APEGGA is proceeding with a system of proactive reviews of the practices of individual members and permit holders. This article deals with three key questions: What is a Practice Review? How are Practice Reviews conducted? Why are Practice Reviews conducted?
During their study several years ago of APEGGA's permit system, members of the Permit to Practice Task Force were concerned about more effective monitoring of unsatisfactory professional practice. One of their recommendations approved by Council in June 1995 was, "that a program of proactive random Practice Reviews be initiated by the Practice Review Board" (PRB). As a result, a Practice Review Manual and implementation program aimed at both individual members and permit holders were developed by the PRB and approved by Council in September 1996, with a view to having the program begin early in 1997.
APEGGA's Practice Review Board, for many years, has had the legislative authority, with the approval of Council, to conduct practice reviews of APEGGA members. Traditionally, the board has conducted two or three reviews per year on a reactive basis usually on referral from the discipline or appeal process.
Under the new proactive program, 15 practice reviews will be conducted this year, 30 in 1998, 75 in 1999, 125 in year 2000 and reaching 200 by 2001. Cases for review will be randomly selected from areas such as: trends in the investigate/discipline process, membership reinstatements and known high-risk areas.
An actual practice review is a confidential, multi-stage process with the number and sequence of stages dependent upon the circumstances. The actual process is depicted in the chart below.
Upon receipt and return of the completed questionnaire by the member selected, a general reviewer is appointed and a general review conducted. The general reviewer must:
- Be registered and in good standing with APEGGA.
- Not have a conflict of interest.
- Have a minimum of 20 years experience as a professional engineer, geologist or geophysicist.
- Not be a current or a past employee of the same firm that employs the member being reviewed.
A general review normally takes two-to-three hours and is conducted at the members place of business. The site visit starts with a discussion of the practice review process, followed by a review of the questionnaire and documentation completed by the member. The general reviewer will verify the member's scope of practice and evaluate his or her qualifications, experience, projects and products relative to their scope. The criteria for evaluation will be based on APEGGA's Guideline for Professional Practice.
Should the general reviewer conclude that a technical review is required, a technical reviewer would be appointed and a technical review conducted.
Technical reviewers shall be:
- Qualified in the field in which they are conducting the review;
- Drawn from the ranks of experienced members or licensees who are involved on a regular basis in the areas of expertise of the member being reviewed; and
- Must have a minimum of 10 years of relevant experience in the specific discipline being reviewed.
Upon completion of the review, a report will be submitted to the PRB recommending one or more of the following actions:
- The member may be guilty of unskilled practice or unprofessional conduct and the case is referred to the Investigative Committee.
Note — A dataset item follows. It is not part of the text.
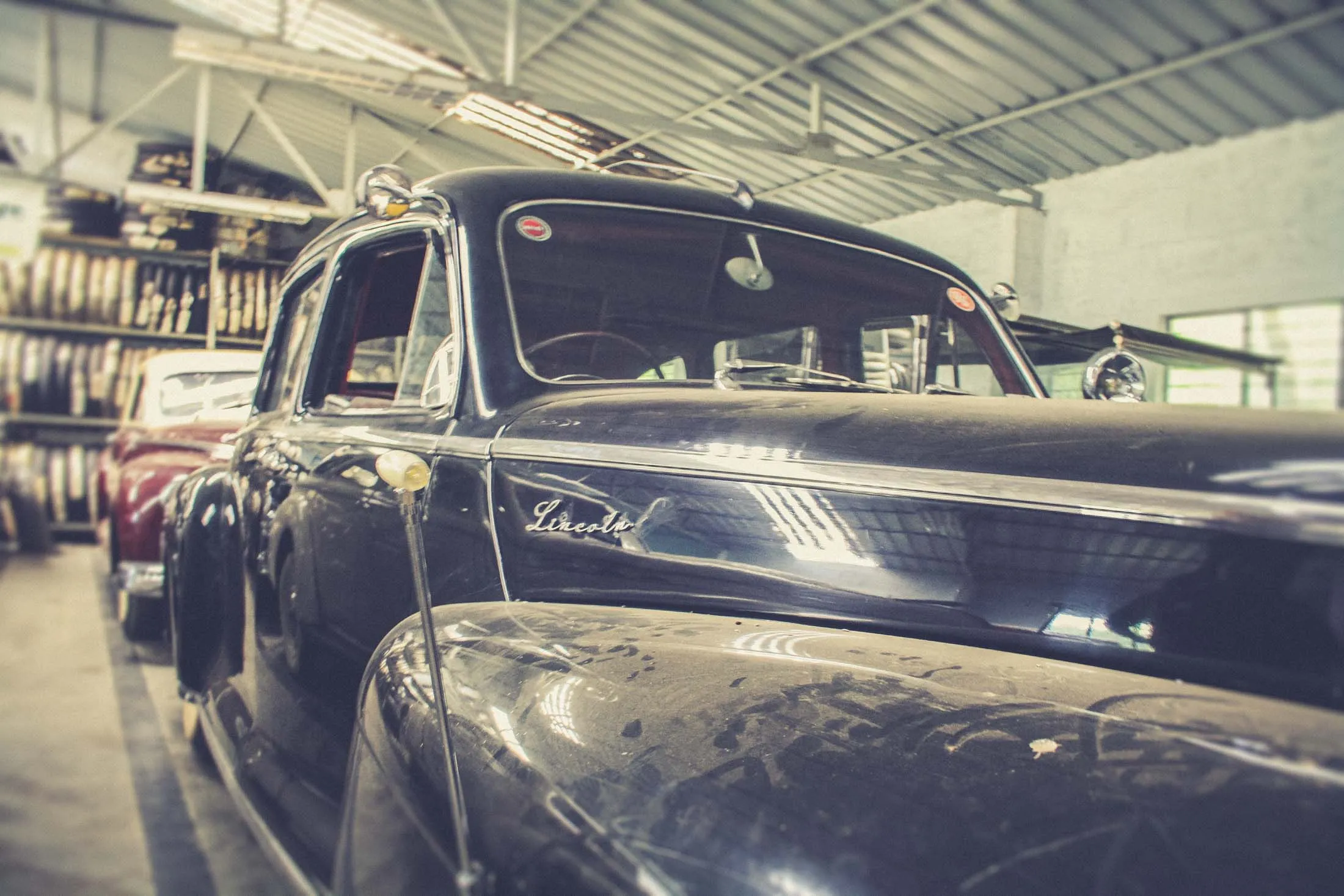 A lineup of exquisite classic cars gleaming under the sun, showcasing the diversity of a collector's passion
- The member is found to be in general compliance with the acceptable practice standards, and the case is closed.
- The member is found to require modification in the way his or her practice is conducted. Recommendations for improvement in specific areas are made and a follow-up review is required.
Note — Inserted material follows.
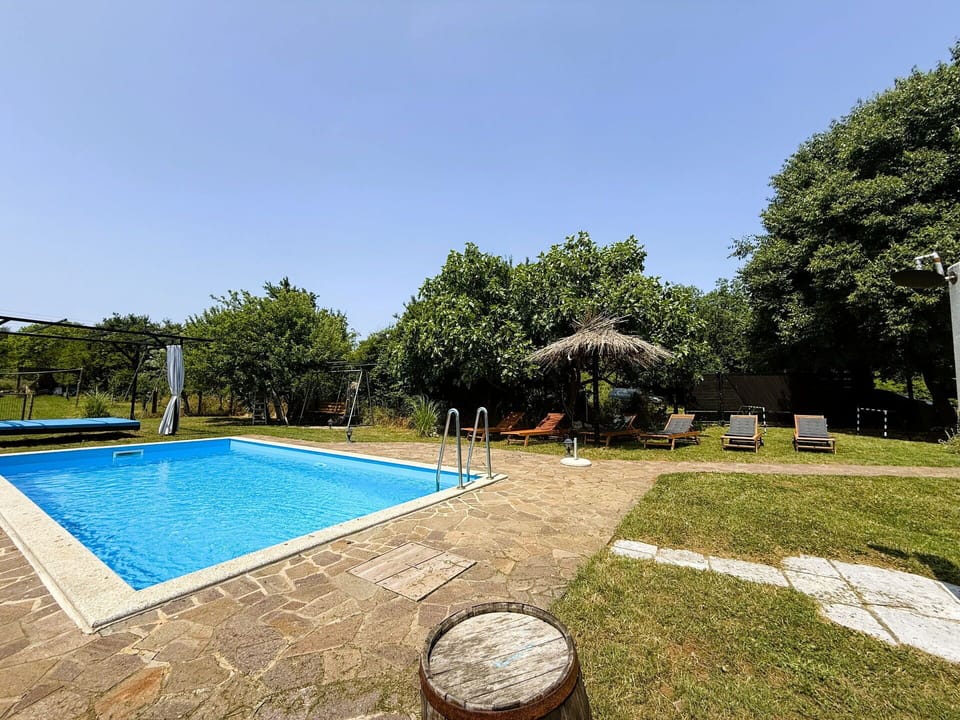 Autumn, Garden, Pool, Spring, Summer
Should a follow-up review be required, it shall be conducted by the reviewer or other appointed members of the PRB to determine if the recommendations made are being implemented.
Based on the outcome of the follow-up review, there could be several outcomes:
- The recommendations of the PRB have been satisfactorily implemented and no further action is required. The case is closed.
- The member is found not to have implemented the recommendations of the PRB and a notice of further investigations is issued to the member with the possibility of a formal hearing.
The primary purpose of the practice review process is to conduct random practice reviews in problematic and high risk areas. By using qualified experienced reviewers, a mechanism will be provided for members to assess and improve their overall performance by utilizing the expertise of the reviewer and will help reduce potentially more serious problems by identifying and correcting unacceptable practices. The practice review program is not meant to be intimidating. It is hoped that the program will enhance the credibility and value of the professions to both members and the public.